Ex-teacher who downloaded indecent images of children avoids jail term
A former teacher who downloaded hundreds of indecent images of children has avoided a prison sentence.
Judge Norman Wright told Darren McKenna, 48, that he had escaped imprisonment by “the skin of his teeth.”
McKenna, a former teacher and school governor, pleaded guilty to three counts of downloading indecent images of children and one of possessing them.
Simon Duncan, prosecuting, told Liverpool Crown Court that McKenna, of Avon Road, Billinge, had used encryption software to access the images, which included a video.
He said: “Police discovered search terms indicative of an active interest in searching out indecent images of children. He said that he enjoyed the feeling of breaking the rules. He said he started viewing the images six years ago while looking for adult pornography as a way of escaping from marital stress.”
Mr Duncan added that McKenna, a Keystage 4 manager at the Launchpad Pupil Referral Unit, in College Street, Ste Helens, a centre for children and young adults with behavioural problems, claimed not to get any sexual gratification from looking at the images.
St Helens council said he quit his job after his arrest.
Carmel Wilde, mitigating, said that McKenna had been stressed working two jobs simultaneously.
She said: “This behaviour is wholly out of character for a man of previous good character who has previously been a school governor.”
She also read an excerpt from a statement by McKenna, which said: “I’d just like to apologise for my actions and all the people it has affected and for the consequences to my family.”
Ms Wilde added: “He saw his behaviour as a sort of twisted punishment for his marital difficulties. He was seeking solace and his behaviour got out of control, and he suffered a nervous breakdown.”
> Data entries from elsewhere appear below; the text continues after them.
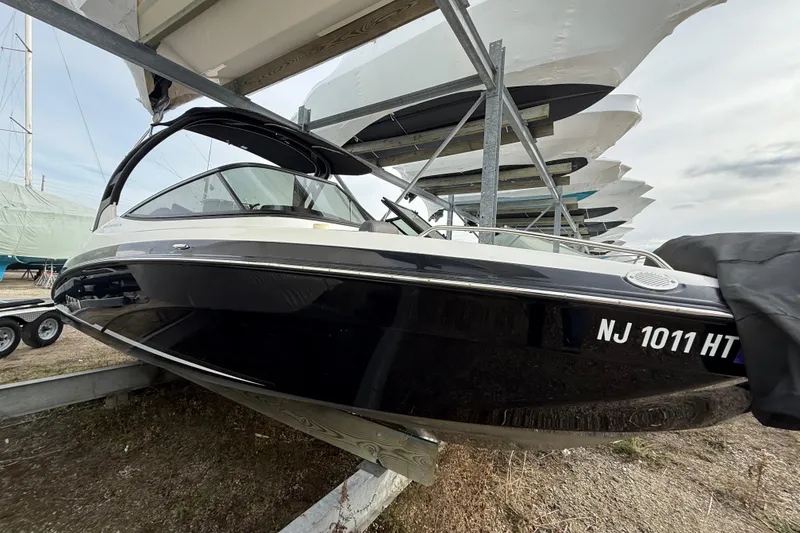 The Image of 2019 Yamaha Boats 242 Limited S in storage, black hull, covered, on a rack. - 1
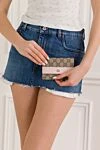Gucci Портмоне - Страна производитель: Италия. Уход: специализированная чистка - фото 1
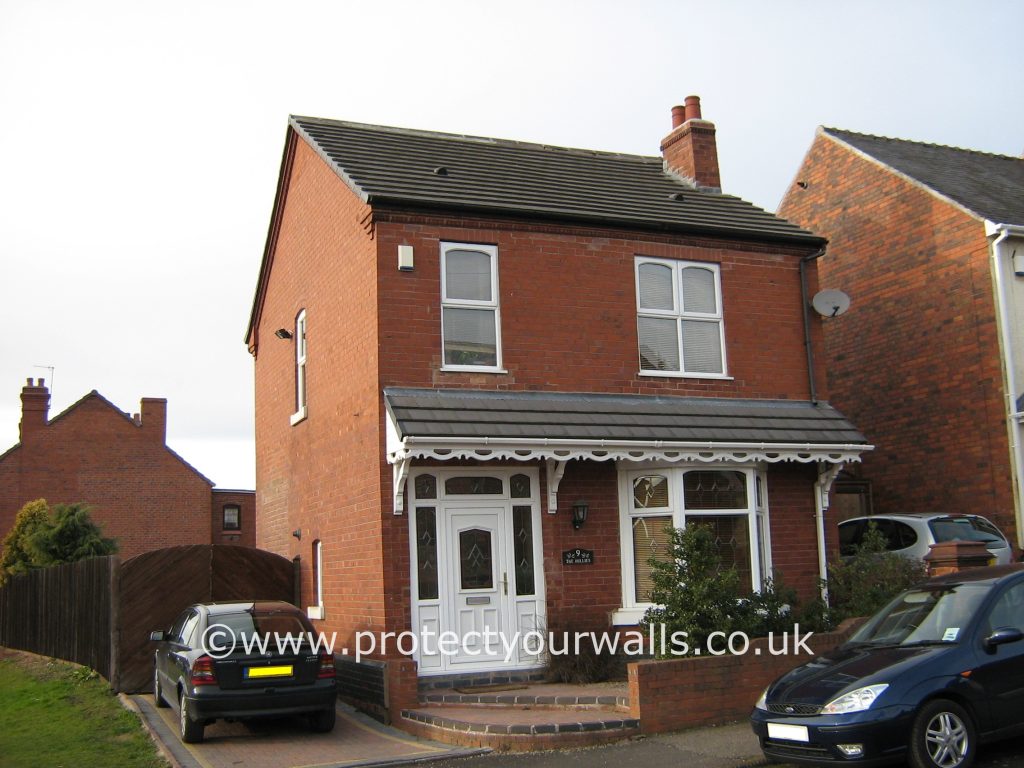 A brick house, front view.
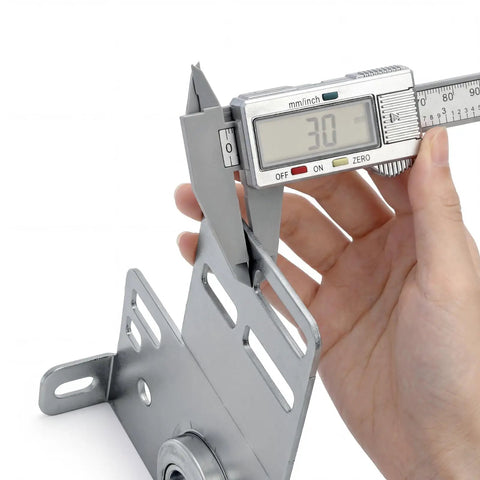 Close-up of a digital caliper measuring a heavy-duty garage door end bearing plate in a Two Pack Garage Door End Bearing Plates And Brackets For 2 Inch Track Doors Heavy Duty Three Eighths Inch Bearing Ends Fits Wood Or Steel Garage Doors Torsion Spring Center Support For Reliable Home Upgrades.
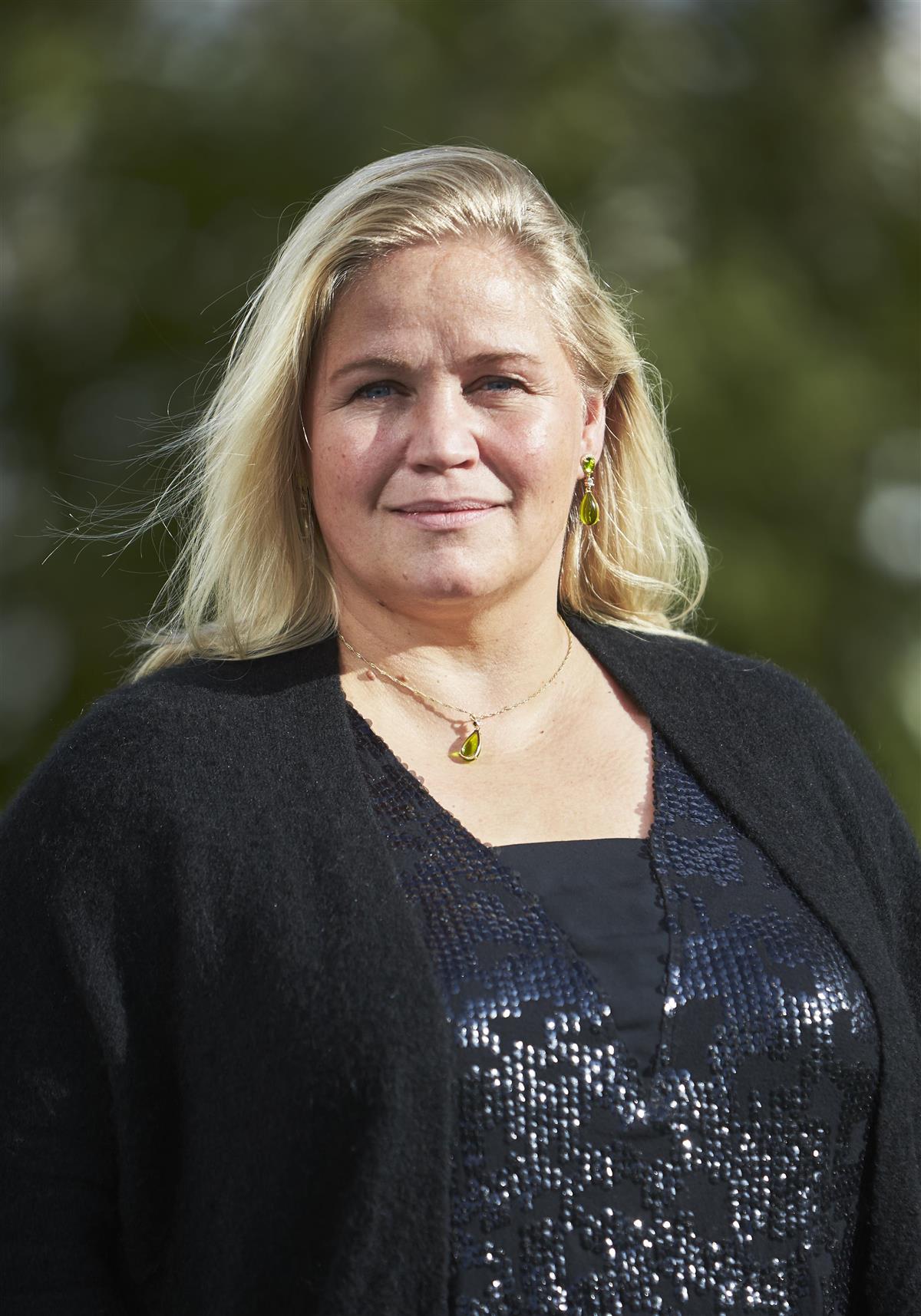 Portrett av blond kvinne med grønne trær i bakgrunnen. - Klikk for stort bilde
Judge Wright, who gave McKenna a six-month sentence suspended for two years, said that the crimes were not “victimless” and added: “Your viewing these images keeps the market going. You played your part by downloading them in this evil market which has caused children to be abused when these photographs are taken.”
He added because of an early guilty plea, and McKenna’s previous good character led him to suspend the sentence.
He also implemented a two year supervision order and an order for McKenna to attend a sex offenders rehabilitation programme.
The judge went on to emphasise that there was no suggestion that McKenna acted improperly with any children.